DUSTIN DAVIS, Greenways Ranger
While the recent frigid weather has probably kept most of us indoors, waterfowl travel from afar to reach Ohio. Every winter, our waterways become an oasis of sorts for migrating waterfowl looking for a rest stop or temporary vacation home. Many of the lakes, rivers and wetlands in Metro Parks become refuges for these seasonal travelers. With the leaves gone, these bodies of water become stages where visitors can more closely watch these birds as they go about their daily routines.
Rivers like the Scioto offer up wildlife viewing experiences that change daily. Although most of the river has become a frozen, snow-covered terrain, inlets along the river corridor create pockets of warm water where migrating waterfowl congregate. These patches of warm water give visiting birds like hooded mergansers, buffleheads, golden eyes and blue-winged teals a place to relax.
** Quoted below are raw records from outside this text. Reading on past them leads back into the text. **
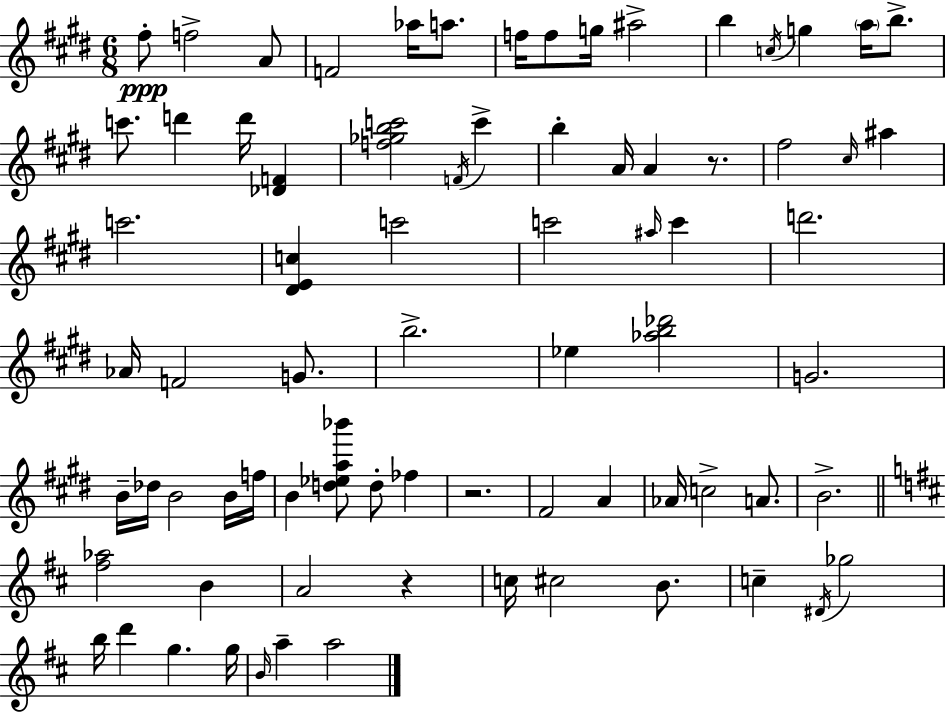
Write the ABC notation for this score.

X:1
T:Untitled
M:6/8
L:1/4
K:E
^f/2 f2 A/2 F2 _a/4 a/2 f/4 f/2 g/4 ^a2 b c/4 g a/4 b/2 c'/2 d' d'/4 [_DF] [f_gbc']2 F/4 c' b A/4 A z/2 ^f2 ^c/4 ^a c'2 [^DEc] c'2 c'2 ^a/4 c' d'2 _A/4 F2 G/2 b2 _e [_ab_d']2 G2 B/4 _d/4 B2 B/4 f/4 B [d_ea_b']/2 d/2 _f z2 ^F2 A _A/4 c2 A/2 B2 [^f_a]2 B A2 z c/4 ^c2 B/2 c ^D/4 _g2 b/4 d' g g/4 B/4 a a2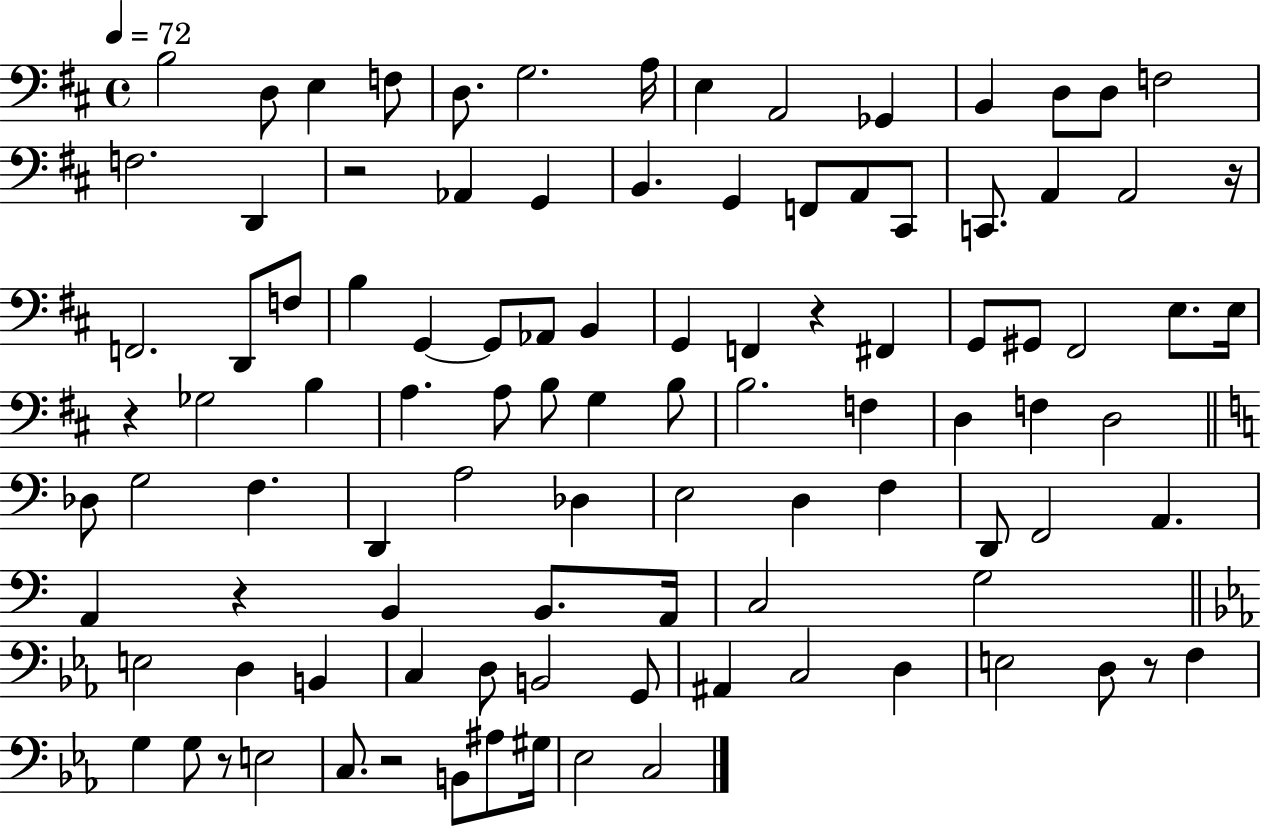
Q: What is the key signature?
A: D major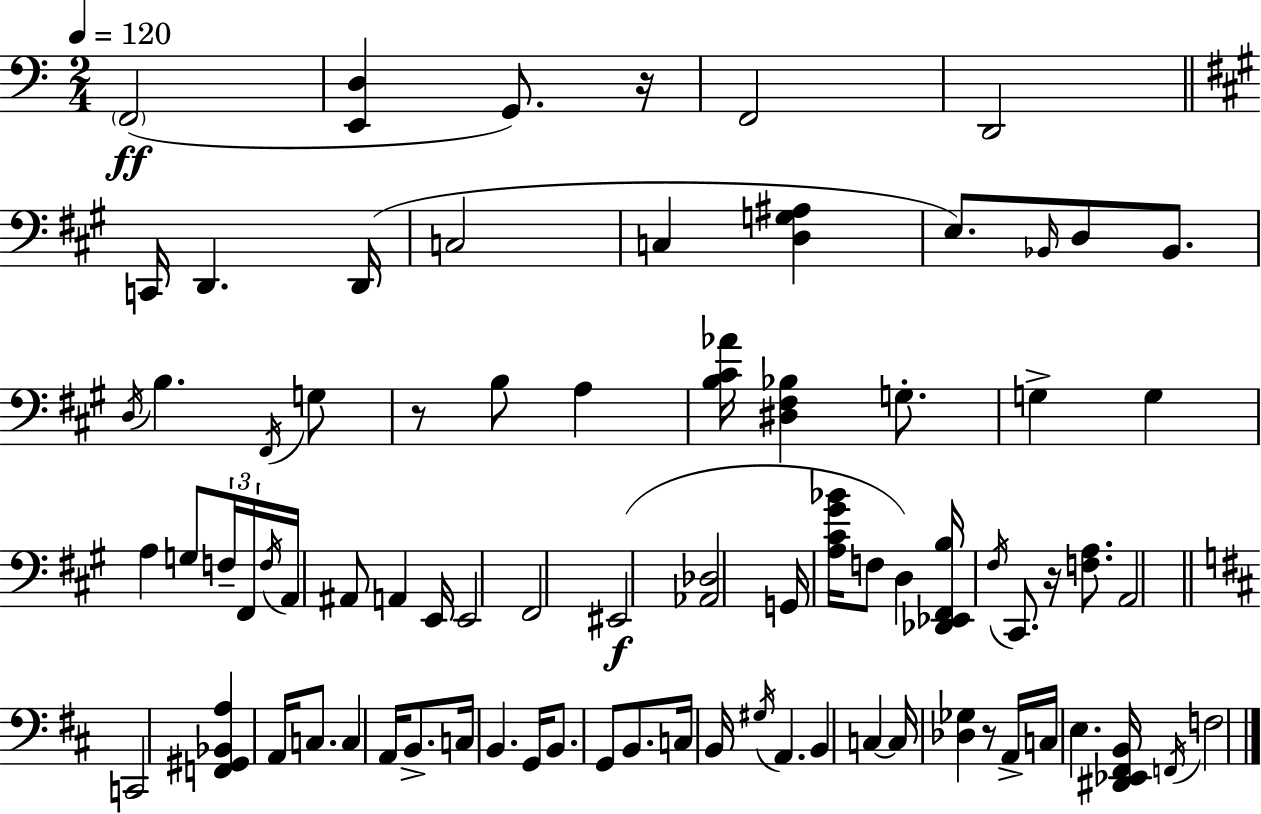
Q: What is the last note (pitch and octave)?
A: F3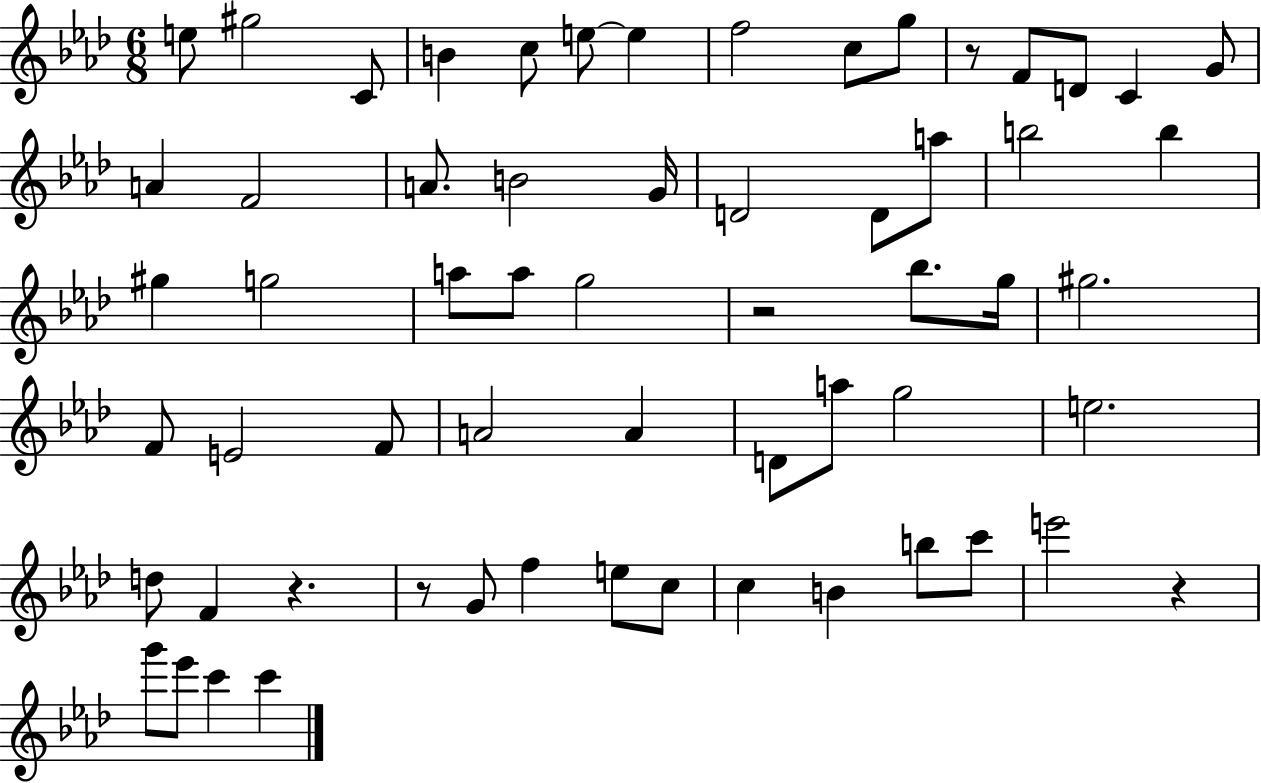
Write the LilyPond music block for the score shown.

{
  \clef treble
  \numericTimeSignature
  \time 6/8
  \key aes \major
  e''8 gis''2 c'8 | b'4 c''8 e''8~~ e''4 | f''2 c''8 g''8 | r8 f'8 d'8 c'4 g'8 | \break a'4 f'2 | a'8. b'2 g'16 | d'2 d'8 a''8 | b''2 b''4 | \break gis''4 g''2 | a''8 a''8 g''2 | r2 bes''8. g''16 | gis''2. | \break f'8 e'2 f'8 | a'2 a'4 | d'8 a''8 g''2 | e''2. | \break d''8 f'4 r4. | r8 g'8 f''4 e''8 c''8 | c''4 b'4 b''8 c'''8 | e'''2 r4 | \break g'''8 ees'''8 c'''4 c'''4 | \bar "|."
}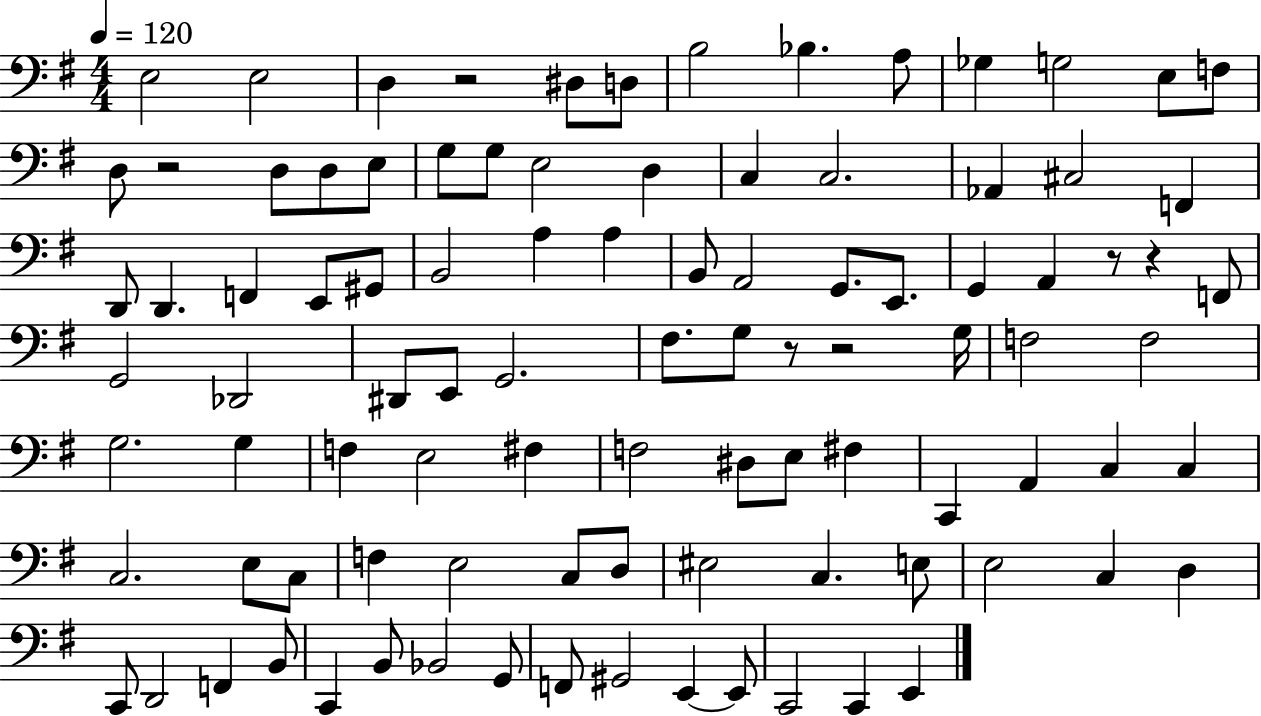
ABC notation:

X:1
T:Untitled
M:4/4
L:1/4
K:G
E,2 E,2 D, z2 ^D,/2 D,/2 B,2 _B, A,/2 _G, G,2 E,/2 F,/2 D,/2 z2 D,/2 D,/2 E,/2 G,/2 G,/2 E,2 D, C, C,2 _A,, ^C,2 F,, D,,/2 D,, F,, E,,/2 ^G,,/2 B,,2 A, A, B,,/2 A,,2 G,,/2 E,,/2 G,, A,, z/2 z F,,/2 G,,2 _D,,2 ^D,,/2 E,,/2 G,,2 ^F,/2 G,/2 z/2 z2 G,/4 F,2 F,2 G,2 G, F, E,2 ^F, F,2 ^D,/2 E,/2 ^F, C,, A,, C, C, C,2 E,/2 C,/2 F, E,2 C,/2 D,/2 ^E,2 C, E,/2 E,2 C, D, C,,/2 D,,2 F,, B,,/2 C,, B,,/2 _B,,2 G,,/2 F,,/2 ^G,,2 E,, E,,/2 C,,2 C,, E,,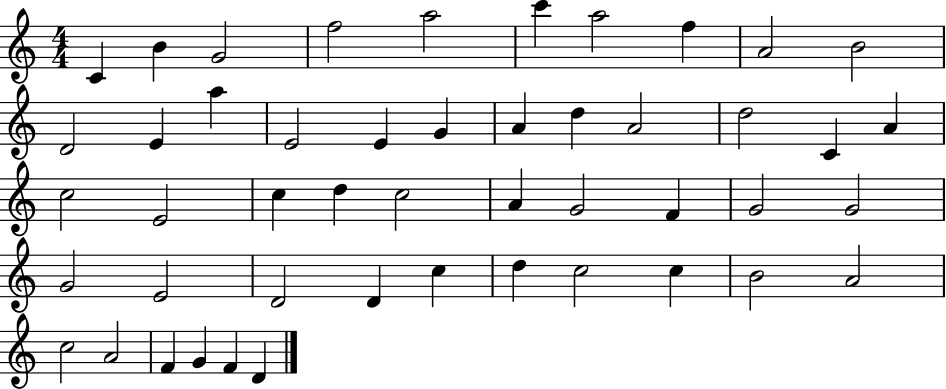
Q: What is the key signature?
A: C major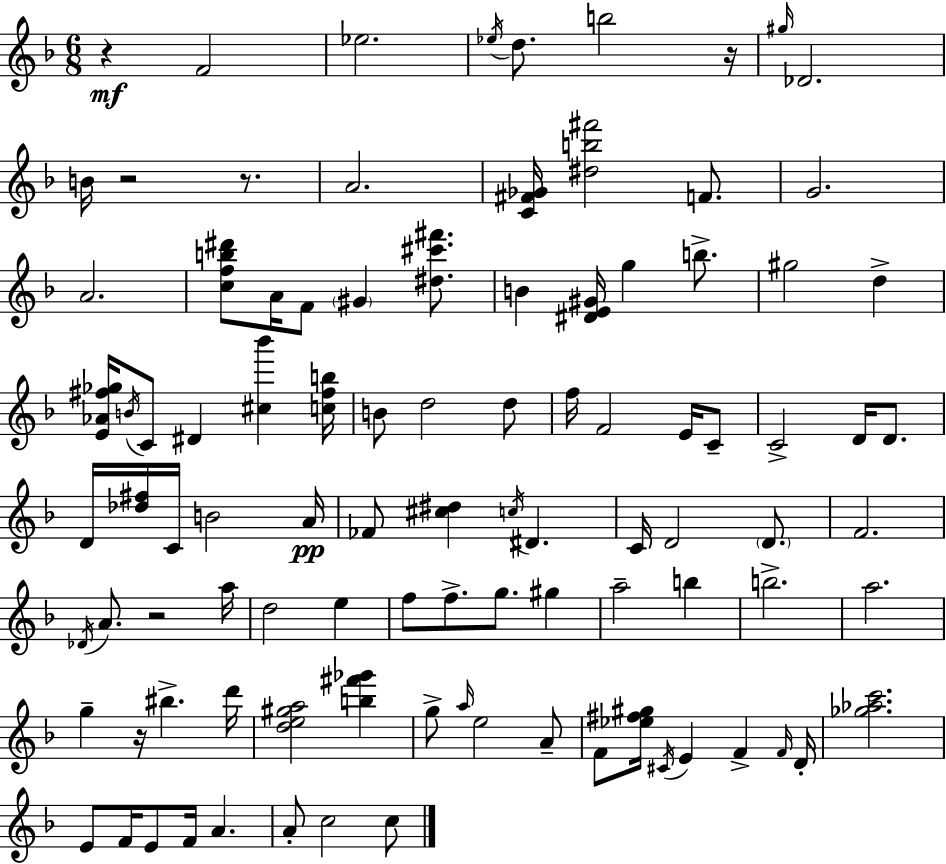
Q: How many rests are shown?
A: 6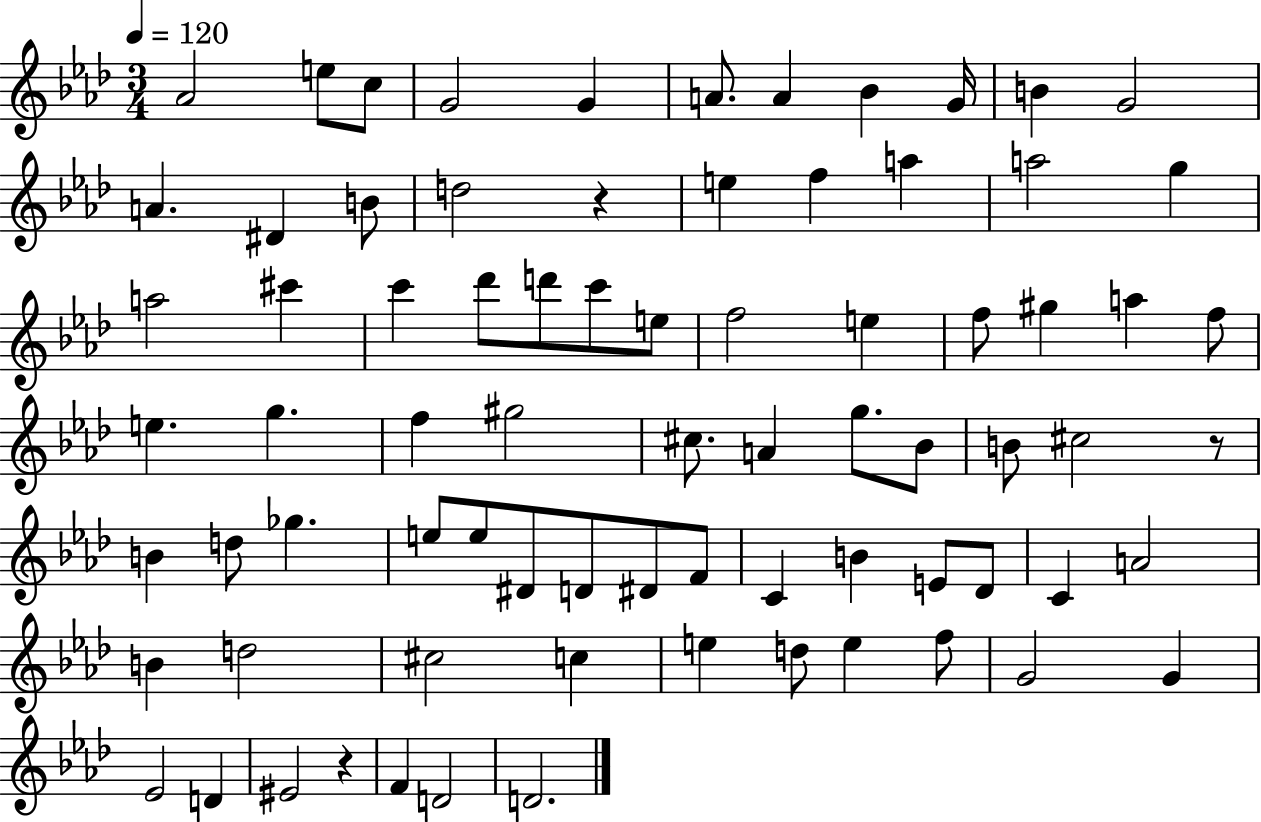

They also provide access to food under the ice and snow.
These winter retreats can be easily spotted along most of the Scioto River Greenway Trail, making winter bird watching an activity the whole family can enjoy. All of the Greenway Trails offer river vantage points with open views that do not disturb the birds. One only needs to bring a pair of binoculars and a sense of wonder to get a closer look.
I look forward to birding every winter. I always know when I start to see the hooded mergansers or “hoodies” that other species are not far behind. The vibrant feathers and patterns on waterfowl add a much needed splash of color to the winter landscape. I’m always looking to discover a bird species I haven’t seen yet and hope this year I might see one of my favorite birds, the ruddy duck.
I encourage you all to venture out along your nearest Greenway Trail and take some time scanning the river. Some of the best sights to see in Central Ohio are, like the smell of roses, only noticeable to those willing to slow down and take a look around.